I Also Keep a Pony in My Mind, For All the Young Women Who Always Wanted a Pony.

Dear corrupt left, go F yourselves said...

I found some neat stuff in my mind once.

edutcher said...

If I ever find it again, I'll let you know.

Eric the Fruit Bat said...

"That'd be the butt, Bob."

Meade said...

Astonished to find I was goin' to Carolina. Interestingly, I had, just at that moment, aimed the car west for Omaha.

ndspinelli said...

A perfect Act of Contrition..just in case. Catholics will get it.

ricpic said...

Aw, I miss the Dali quote already.

Toy soldiers.
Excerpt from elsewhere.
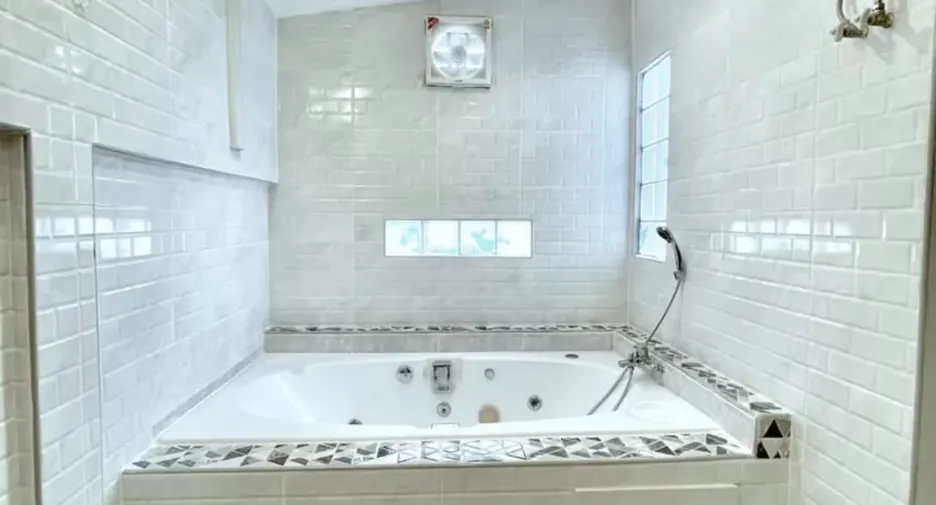 Haus zum Kauf und zur Miete mit 3 Zimmer in Mueang Phuket, Phuket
I've unearthed a slew of them while digging in the garden. But my mind is blessedly empty.

chickelit said...

A few found things come to mind: Titanic and other lost shipwrecks;

Pompeii, Herculaneum and other lost cities;

old ideas, considered lost, rediscovered;

new evidence for crimes, considered lost;

inventions which were never lost but were instead discovered.

Eric the Fruit Bat said...

You know what?

I'm really glad the federal government requires these archaeological digs because you just can't put a price tag on a bunch of old trash that tells us absolutely nothing about the recent past that we didn't already know.

Anonymous said...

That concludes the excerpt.